§ **EXERCISE PROMPT**
Omit the images. Reproduce each line of the records exactly as it appears.

§ **DATA TO USE**
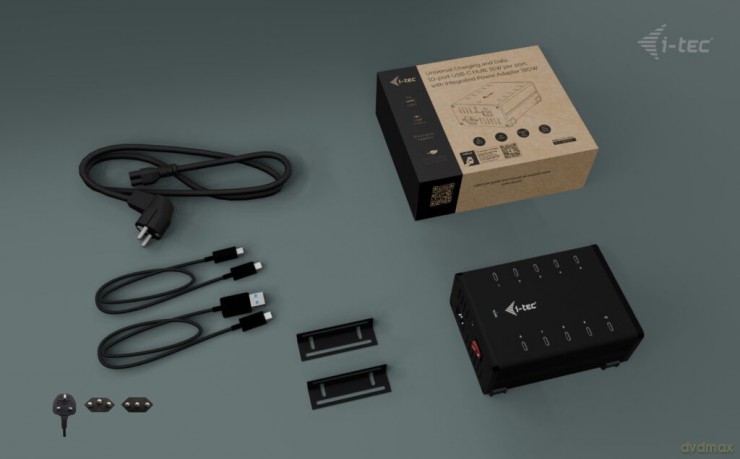 !i-tec USB-C/USB-A Metal Charging + data HUB 15W per port 10x USB-C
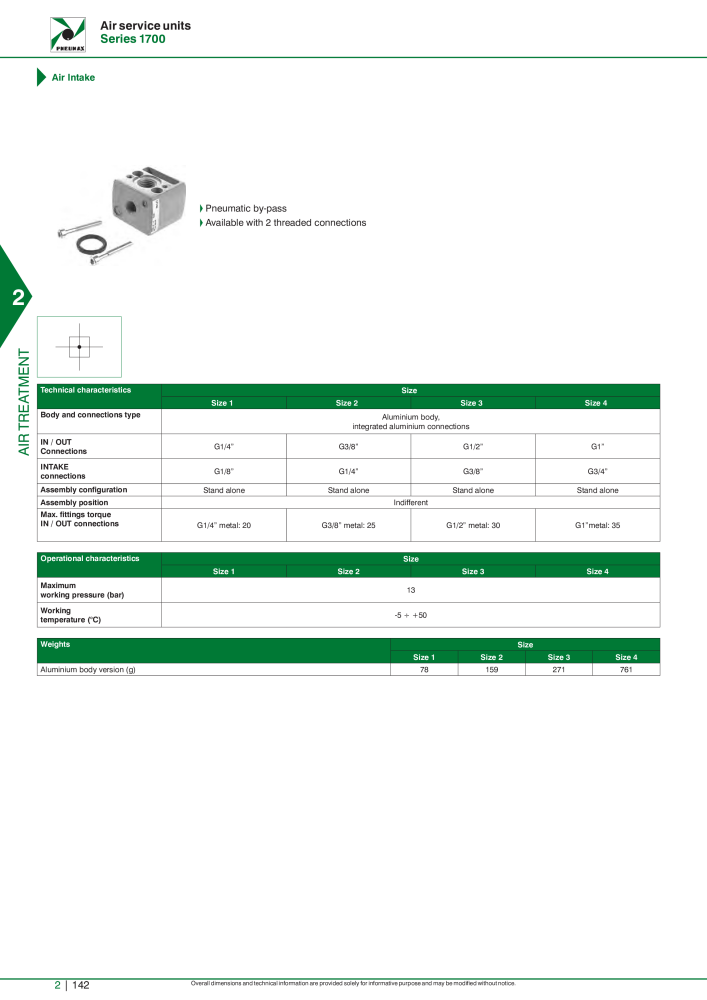 Pneumax - Hauptkatalog NO.: 21219 - Page 716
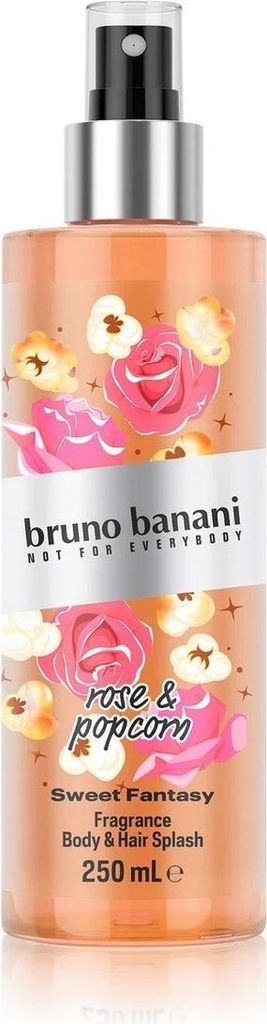 BRUNO BANANI Körperspray Candy Fantasy Popcorn & Rose Produktbild 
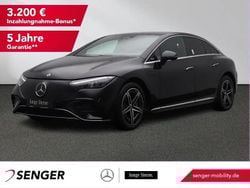 Lack obsidianschwarz Gebraucht 2024 Mercedes EQE350 AMG Limousine | 53.490 € (Fairer Preis)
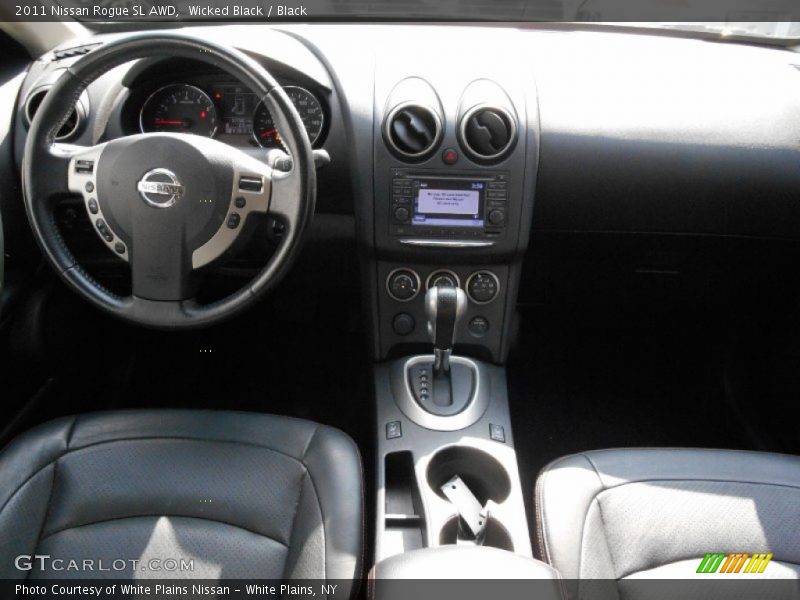 Wicked Black / Black 2011 Nissan Rogue SL AWD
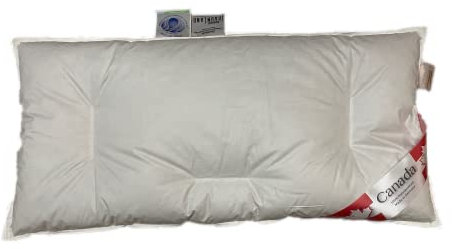 Bauchschläferkissen Canadian Goose 40x80 cm weiße canadische Gänse Daunen 300g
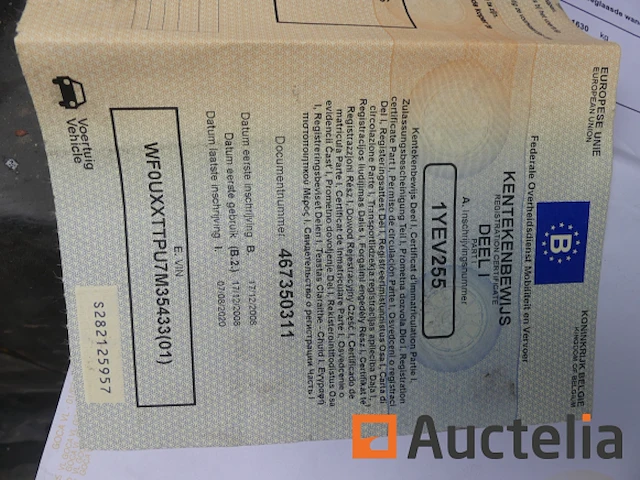 Auto ford connect lichte vrachtwagen (2008-136.067 km) - afbeelding 16 van  18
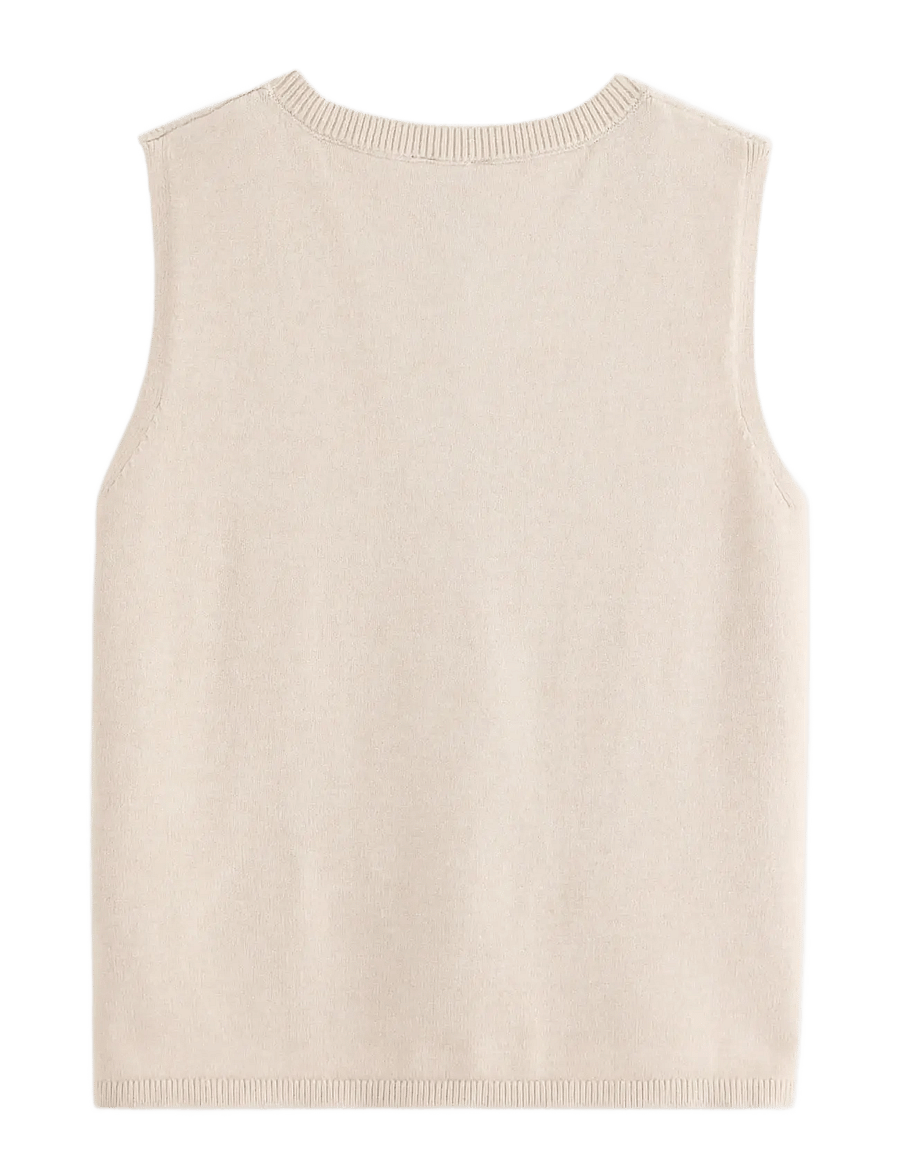 Lindex - Knitted vest - strickwesten - light beige - 2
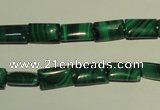 CMN311 15.5 inches 6*10mm rectangle natural malachite beads wholesale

§ **TASK RESULT**
 !i-tec USB-C/USB-A Metal Charging + data HUB 15W per port 10x USB-C
 Pneumax - Hauptkatalog NO.: 21219 - Page 716
 BRUNO BANANI Körperspray Candy Fantasy Popcorn & Rose Produktbild 
 Lack obsidianschwarz Gebraucht 2024 Mercedes EQE350 AMG Limousine | 53.490 € (Fairer Preis)
 Wicked Black / Black 2011 Nissan Rogue SL AWD
 Bauchschläferkissen Canadian Goose 40x80 cm weiße canadische Gänse Daunen 300g
 Auto ford connect lichte vrachtwagen (2008-136.067 km) - afbeelding 16 van  18
 Lindex - Knitted vest - strickwesten - light beige - 2
 CMN311 15.5 inches 6*10mm rectangle natural malachite beads wholesale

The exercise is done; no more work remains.